Vyper: Allow default parameters

Created on 17 Jun 2018  路  22Comments  路  Source: vyperlang/vyper

This is a reduced scope feature as compared to adding Function Overloading #884.

Introduction

ERC-721 includes two functions with the same name but one includes an extra parameter. The ERC specification states that the less parameter one will function equivalently as if the more parameter one were called with a specific value.

Specification

Allow default parameters at function declaration.

Here is a very relevant example. Includes NatSpec documentation as per #898.

Sorry, not sure if my bytes declaration is correct.

## 
# @notice Transfers the ownership of an NFT from one address to another address
# @dev Throws unless `msg.sender` is the current owner, an authorized
#  operator, or the approved address for this NFT. Throws if `_from` is
#  not the current owner. Throws if `_to` is the zero address. Throws if
#  `_tokenId` is not a valid NFT. When transfer is complete, this function
#  checks if `_to` is a smart contract (code size > 0). If so, it calls
#  `onERC721Received` on `_to` and throws if the return value is not
#  `bytes4(keccak256("onERC721Received(address,uint256,bytes)"))`.
# @param _from The current owner of the NFT
# @param _to The new owner
# @param _tokenId The NFT to transfer
# @param data Additional data with no specified format, sent in call to `_to`
@public
@payable
def safeTransferFrom(from: address, to: address, token_id: uint256, data: bytes = ""):
    ...

The Vyper compiler will process this as two separate function selectors. Actually (1 + number of default parameters) function selectors. This follows the Python convention of allowing parameters to be omitted if a default parameter is specified. This differs from Python in that Python function arguments can be specified out of order.

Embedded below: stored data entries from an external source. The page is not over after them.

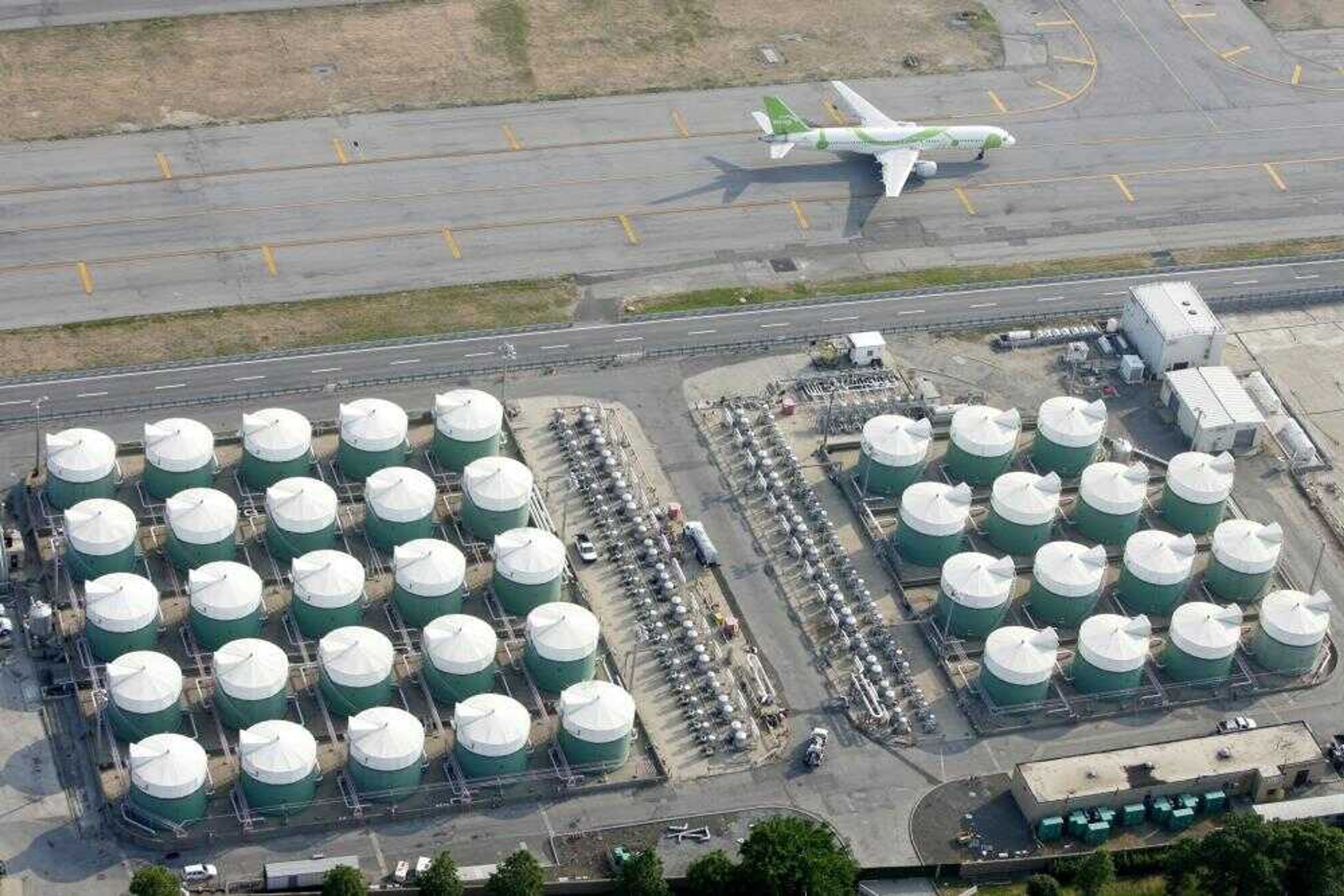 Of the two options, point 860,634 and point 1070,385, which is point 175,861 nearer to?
point 860,634

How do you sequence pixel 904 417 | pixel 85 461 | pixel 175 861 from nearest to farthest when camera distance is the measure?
pixel 175 861
pixel 85 461
pixel 904 417

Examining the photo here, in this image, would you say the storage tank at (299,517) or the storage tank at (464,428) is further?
the storage tank at (464,428)

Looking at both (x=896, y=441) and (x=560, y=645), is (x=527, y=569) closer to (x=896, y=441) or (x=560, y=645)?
(x=560, y=645)

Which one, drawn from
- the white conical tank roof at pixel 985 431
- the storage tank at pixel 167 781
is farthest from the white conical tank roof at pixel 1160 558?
the storage tank at pixel 167 781

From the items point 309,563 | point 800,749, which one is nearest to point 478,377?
point 309,563

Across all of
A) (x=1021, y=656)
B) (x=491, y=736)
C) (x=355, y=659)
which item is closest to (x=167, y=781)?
(x=355, y=659)

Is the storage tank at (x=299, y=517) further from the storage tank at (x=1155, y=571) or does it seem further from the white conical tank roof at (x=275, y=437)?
the storage tank at (x=1155, y=571)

The Vyper compiler can optimize byte code more efficiently than Solidity currently does because Vyper will have more knowledge about the relationship between safeTransferFrom(a,b,c,d) and safeTransferFrom(a,b,c).

Literature review

Vyper has expressed opinions on function overloading in general:

  • This can cause lots of confusion on which function is called at any given time.
  • It makes the code much harder to search through as you have to keep track on which call refers to which function.
  • Thus it's easier to write missleading code (foo("hello") logs "hello" but foo("hello", "world") steals your funds).

Strictly speaking, a default parameter is a function overload. From the EWM there are two function descriptors, but from Vyper, there is one function. I believe the opinions above apply to allowing arbitrary function overloads, whereas this issue is only a very specific kind of overload.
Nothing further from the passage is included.